Prompt - Each line from the one containing "this 250×188 image." through the end of the data must be retyped exactly, and no other line.

··· Records provided ···

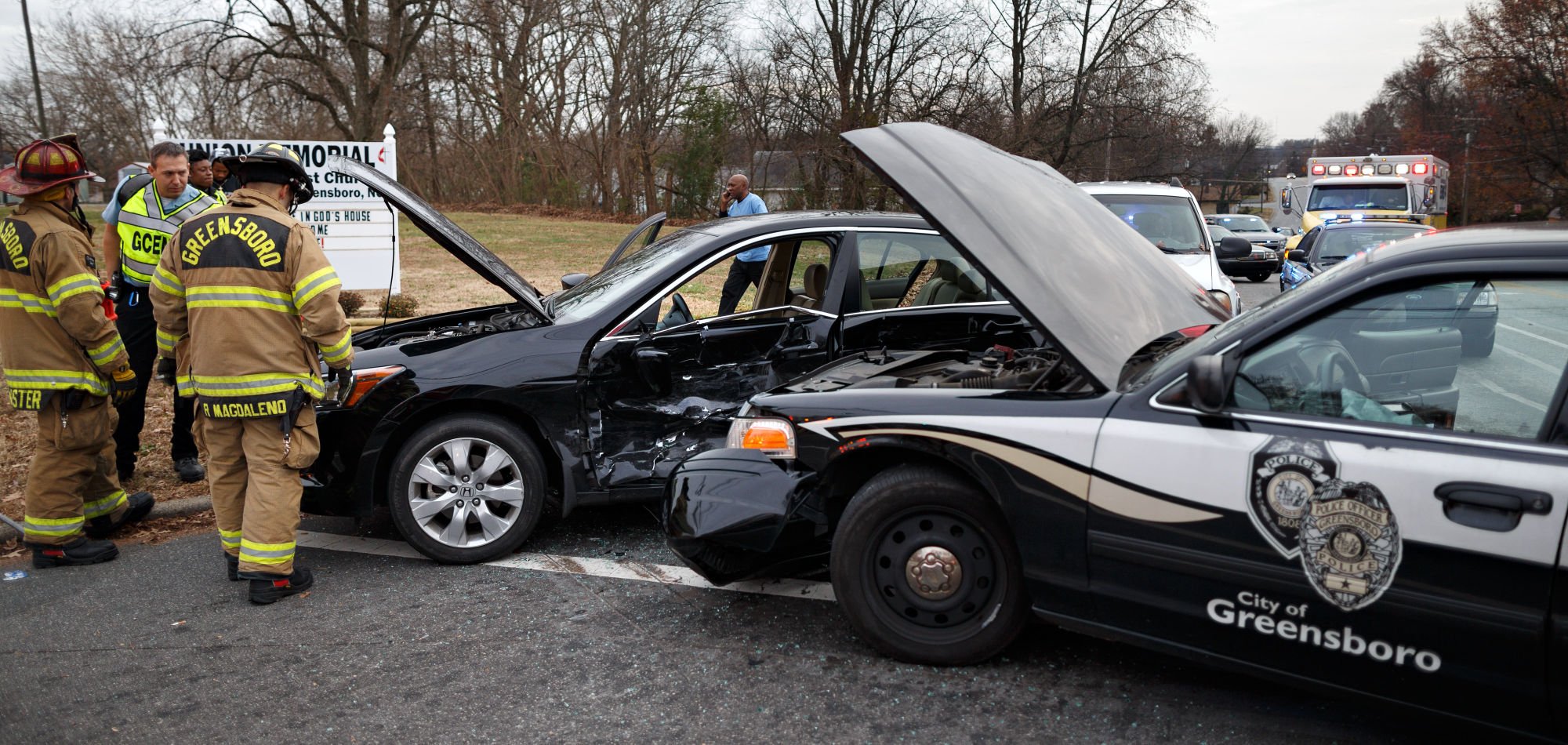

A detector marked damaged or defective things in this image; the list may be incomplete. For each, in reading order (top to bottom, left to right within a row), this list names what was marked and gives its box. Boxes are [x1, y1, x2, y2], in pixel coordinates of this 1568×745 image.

damaged car door [583, 231, 847, 492]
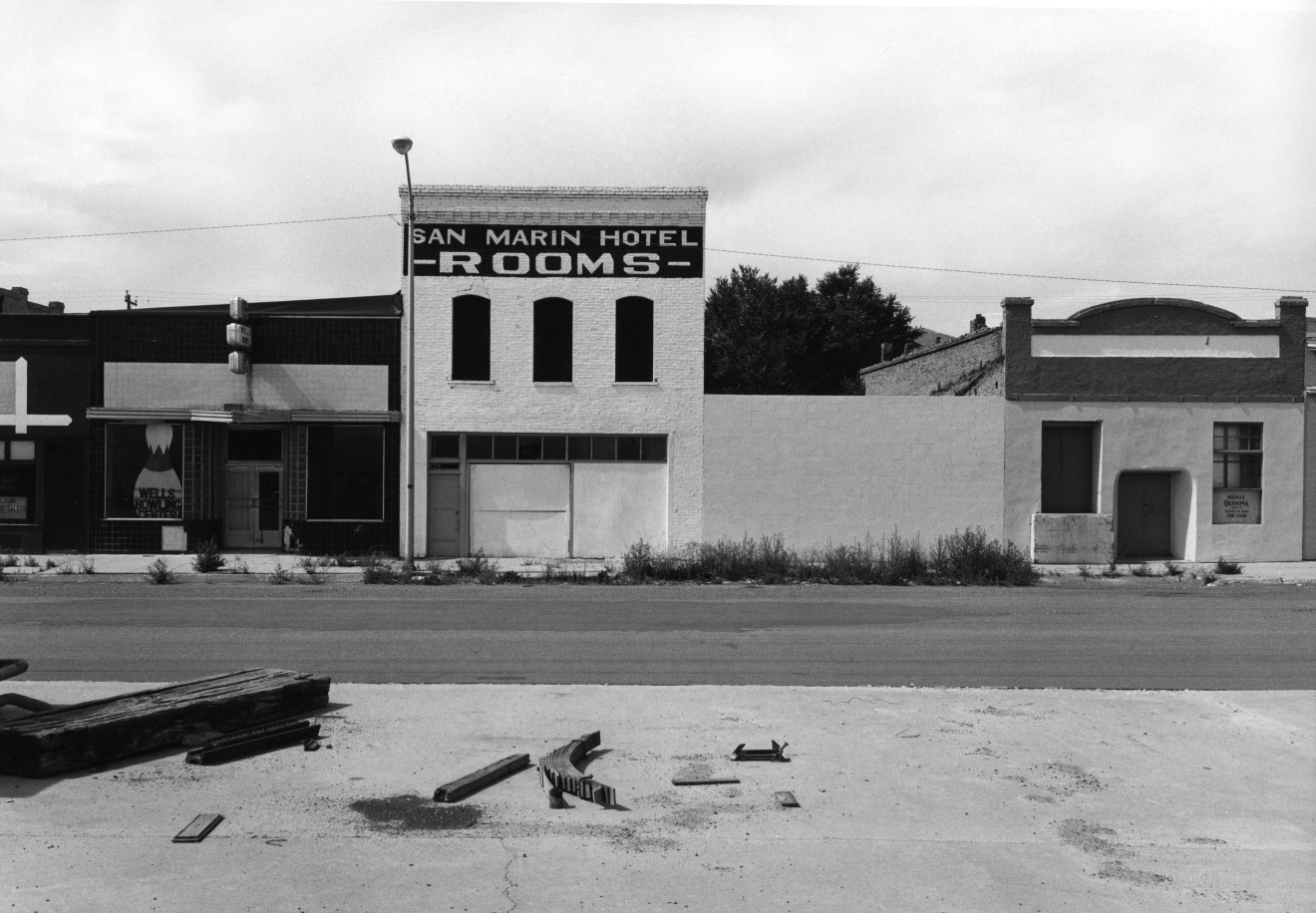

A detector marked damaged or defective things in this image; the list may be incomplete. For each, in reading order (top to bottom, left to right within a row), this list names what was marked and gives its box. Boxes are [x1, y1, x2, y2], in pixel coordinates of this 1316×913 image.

rusty metal bracket [533, 731, 615, 810]
cracked concrete surface [2, 684, 1316, 910]
rusty metal bracket [731, 742, 790, 762]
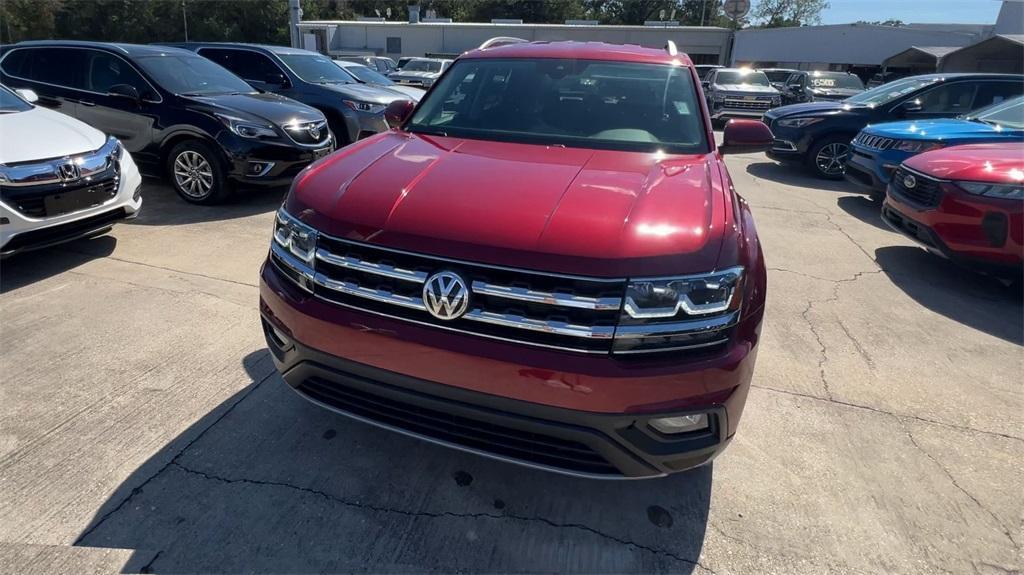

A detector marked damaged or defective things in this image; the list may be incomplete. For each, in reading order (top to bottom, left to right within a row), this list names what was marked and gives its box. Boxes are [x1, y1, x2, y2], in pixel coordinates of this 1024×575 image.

crack in pavement [72, 356, 278, 544]
crack in pavement [169, 460, 712, 572]
crack in pavement [753, 384, 1024, 444]
crack in pavement [901, 421, 1019, 544]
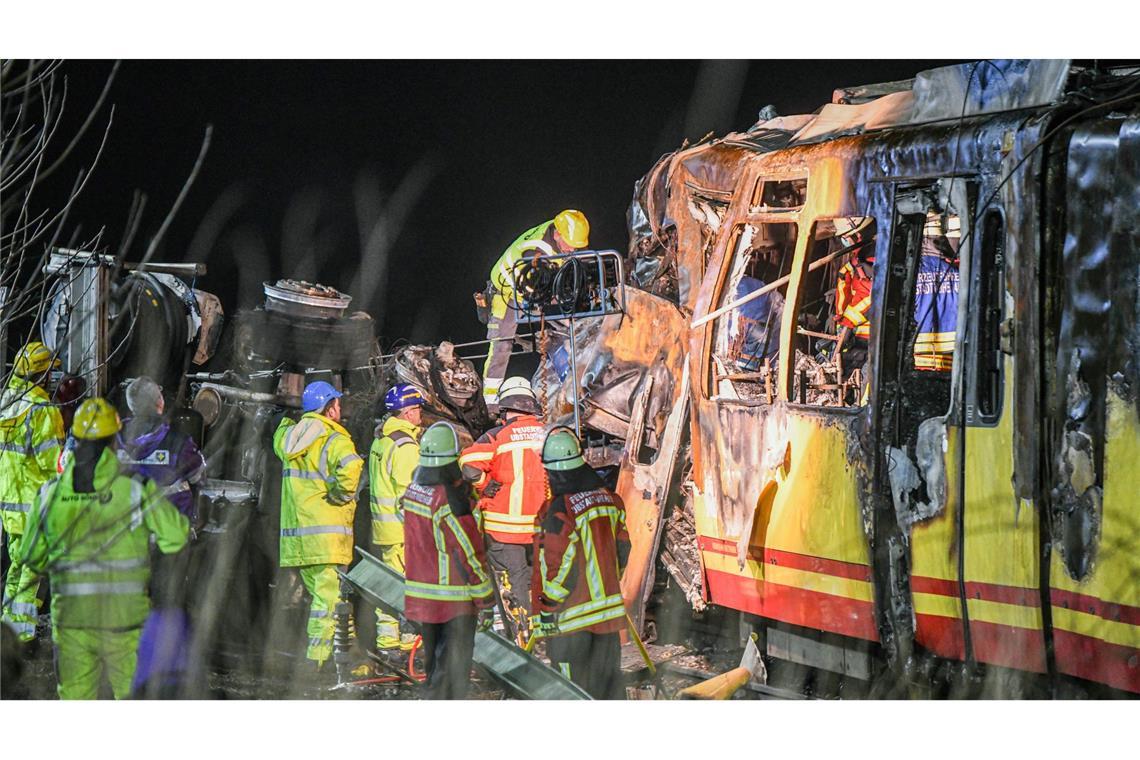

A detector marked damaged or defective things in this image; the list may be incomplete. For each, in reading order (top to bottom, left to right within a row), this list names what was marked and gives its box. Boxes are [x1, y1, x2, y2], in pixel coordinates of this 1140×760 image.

overturned tanker truck [528, 59, 1140, 697]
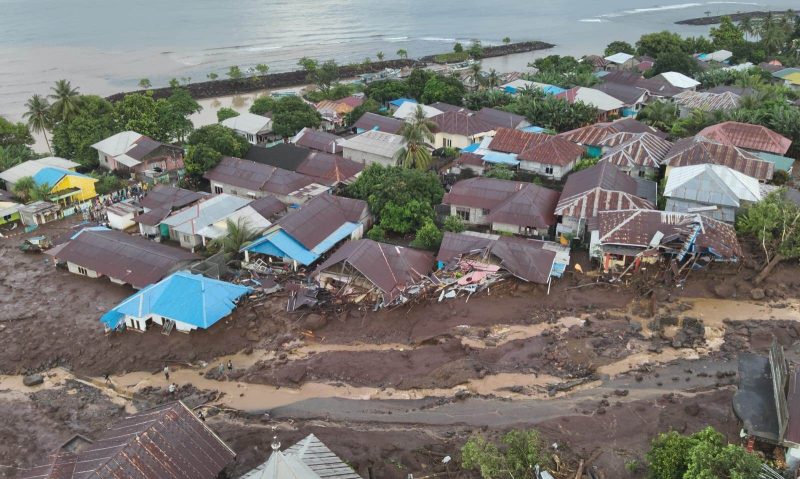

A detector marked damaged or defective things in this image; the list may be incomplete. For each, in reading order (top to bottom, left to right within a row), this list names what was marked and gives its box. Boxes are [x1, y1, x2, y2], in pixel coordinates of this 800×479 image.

damaged house [440, 176, 560, 238]
damaged house [316, 239, 434, 308]
damaged house [592, 209, 740, 274]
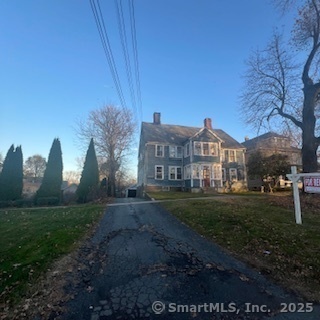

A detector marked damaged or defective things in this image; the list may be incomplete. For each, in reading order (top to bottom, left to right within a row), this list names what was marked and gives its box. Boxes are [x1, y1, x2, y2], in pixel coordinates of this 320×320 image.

cracked pavement [58, 198, 320, 320]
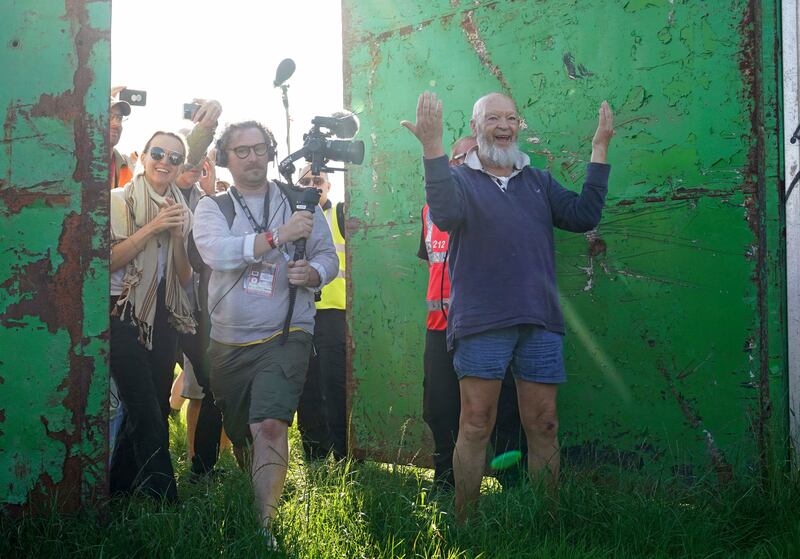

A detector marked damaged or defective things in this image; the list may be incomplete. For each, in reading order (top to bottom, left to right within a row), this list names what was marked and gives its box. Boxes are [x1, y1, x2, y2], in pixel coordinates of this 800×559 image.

rusty metal gate panel [0, 1, 111, 516]
rust patch on metal [462, 9, 512, 95]
rusty metal gate panel [340, 0, 784, 476]
peeling green paint [340, 0, 784, 476]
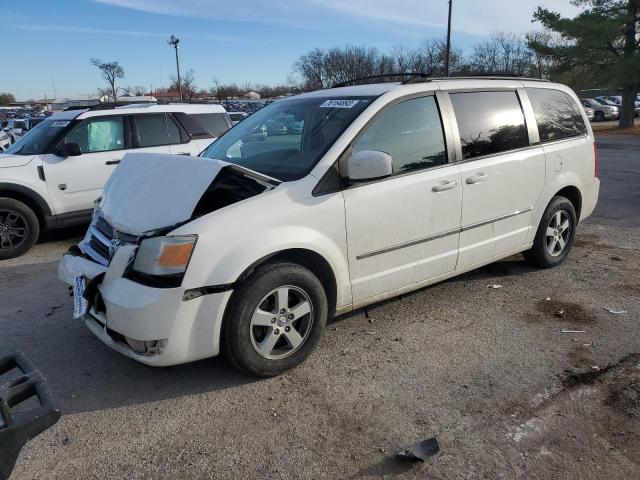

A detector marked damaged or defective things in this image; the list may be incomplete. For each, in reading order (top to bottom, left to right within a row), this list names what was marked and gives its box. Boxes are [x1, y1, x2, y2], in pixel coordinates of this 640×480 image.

crumpled hood [100, 153, 230, 235]
broken headlight [132, 234, 198, 276]
damaged front end [58, 153, 278, 364]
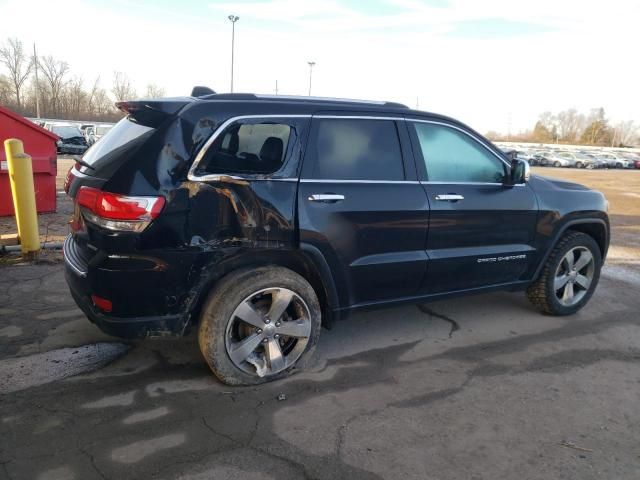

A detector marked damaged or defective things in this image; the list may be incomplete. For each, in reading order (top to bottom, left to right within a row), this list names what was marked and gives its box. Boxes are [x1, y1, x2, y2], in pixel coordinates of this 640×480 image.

cracked asphalt [1, 166, 640, 480]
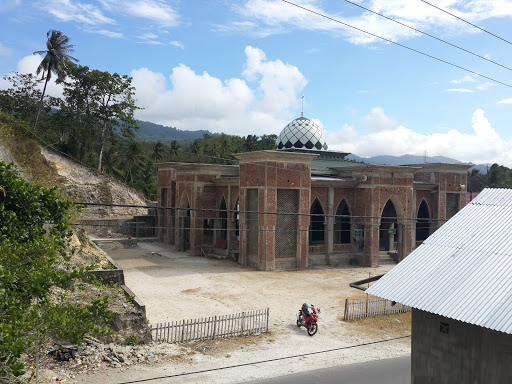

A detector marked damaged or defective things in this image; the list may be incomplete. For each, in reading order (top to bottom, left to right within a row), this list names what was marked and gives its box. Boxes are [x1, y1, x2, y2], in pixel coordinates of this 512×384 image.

rusty metal roof [366, 188, 512, 332]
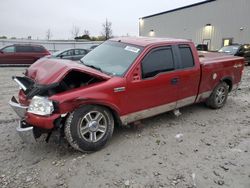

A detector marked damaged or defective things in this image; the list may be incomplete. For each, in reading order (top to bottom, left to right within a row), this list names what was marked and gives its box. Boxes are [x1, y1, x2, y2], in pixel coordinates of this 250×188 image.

crumpled hood [26, 58, 110, 84]
broken front bumper [8, 96, 36, 143]
damaged front end [8, 69, 106, 144]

···

Output for this exercise -
A detector marked damaged or defective things in this image; the list may be incomplete. For each, in reading order (top to bottom, left to right within a row), this list names what was marked and gives its box. Boxes are [x1, y1, x2, y2], in pixel coordinates of this 250×188 image.

crumpled hood [26, 58, 110, 84]
broken front bumper [8, 96, 36, 143]
damaged front end [8, 69, 106, 144]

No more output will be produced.